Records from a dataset
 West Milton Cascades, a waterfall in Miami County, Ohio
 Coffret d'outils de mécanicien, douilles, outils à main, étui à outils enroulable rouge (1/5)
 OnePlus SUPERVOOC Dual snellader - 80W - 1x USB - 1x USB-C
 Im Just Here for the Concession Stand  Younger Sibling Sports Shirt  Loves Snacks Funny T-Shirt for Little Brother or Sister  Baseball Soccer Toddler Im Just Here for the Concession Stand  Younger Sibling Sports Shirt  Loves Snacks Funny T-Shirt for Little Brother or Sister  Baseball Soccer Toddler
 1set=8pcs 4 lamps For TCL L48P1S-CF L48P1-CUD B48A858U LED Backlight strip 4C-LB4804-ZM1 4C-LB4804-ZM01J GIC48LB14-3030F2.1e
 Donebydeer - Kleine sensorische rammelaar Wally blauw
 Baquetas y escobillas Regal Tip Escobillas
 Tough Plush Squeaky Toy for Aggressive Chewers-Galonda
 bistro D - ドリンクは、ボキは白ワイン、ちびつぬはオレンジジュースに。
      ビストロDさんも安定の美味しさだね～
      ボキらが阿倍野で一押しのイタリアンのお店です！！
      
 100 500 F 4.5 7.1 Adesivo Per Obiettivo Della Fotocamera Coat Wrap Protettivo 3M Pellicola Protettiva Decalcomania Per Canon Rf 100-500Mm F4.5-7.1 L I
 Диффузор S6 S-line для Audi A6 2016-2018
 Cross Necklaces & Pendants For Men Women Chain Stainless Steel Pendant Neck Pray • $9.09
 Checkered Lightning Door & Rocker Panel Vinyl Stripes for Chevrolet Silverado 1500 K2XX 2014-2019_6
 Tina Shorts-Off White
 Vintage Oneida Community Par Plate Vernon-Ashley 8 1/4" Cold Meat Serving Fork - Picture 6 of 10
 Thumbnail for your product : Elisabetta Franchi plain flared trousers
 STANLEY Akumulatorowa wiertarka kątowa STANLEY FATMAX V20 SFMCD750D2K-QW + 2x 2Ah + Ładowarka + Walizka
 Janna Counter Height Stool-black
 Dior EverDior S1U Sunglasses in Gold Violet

* Exercise brief *
Take the lines above and retype all of them exactly.

* Answer area *
 West Milton Cascades, a waterfall in Miami County, Ohio
 Coffret d'outils de mécanicien, douilles, outils à main, étui à outils enroulable rouge (1/5)
 OnePlus SUPERVOOC Dual snellader - 80W - 1x USB - 1x USB-C
 Im Just Here for the Concession Stand  Younger Sibling Sports Shirt  Loves Snacks Funny T-Shirt for Little Brother or Sister  Baseball Soccer Toddler Im Just Here for the Concession Stand  Younger Sibling Sports Shirt  Loves Snacks Funny T-Shirt for Little Brother or Sister  Baseball Soccer Toddler
 1set=8pcs 4 lamps For TCL L48P1S-CF L48P1-CUD B48A858U LED Backlight strip 4C-LB4804-ZM1 4C-LB4804-ZM01J GIC48LB14-3030F2.1e
 Donebydeer - Kleine sensorische rammelaar Wally blauw
 Baquetas y escobillas Regal Tip Escobillas
 Tough Plush Squeaky Toy for Aggressive Chewers-Galonda
 bistro D - ドリンクは、ボキは白ワイン、ちびつぬはオレンジジュースに。
      ビストロDさんも安定の美味しさだね～
      ボキらが阿倍野で一押しのイタリアンのお店です！！
      
 100 500 F 4.5 7.1 Adesivo Per Obiettivo Della Fotocamera Coat Wrap Protettivo 3M Pellicola Protettiva Decalcomania Per Canon Rf 100-500Mm F4.5-7.1 L I
 Диффузор S6 S-line для Audi A6 2016-2018
 Cross Necklaces & Pendants For Men Women Chain Stainless Steel Pendant Neck Pray • $9.09
 Checkered Lightning Door & Rocker Panel Vinyl Stripes for Chevrolet Silverado 1500 K2XX 2014-2019_6
 Tina Shorts-Off White
 Vintage Oneida Community Par Plate Vernon-Ashley 8 1/4" Cold Meat Serving Fork - Picture 6 of 10
 Thumbnail for your product : Elisabetta Franchi plain flared trousers
 STANLEY Akumulatorowa wiertarka kątowa STANLEY FATMAX V20 SFMCD750D2K-QW + 2x 2Ah + Ładowarka + Walizka
 Janna Counter Height Stool-black
 Dior EverDior S1U Sunglasses in Gold Violet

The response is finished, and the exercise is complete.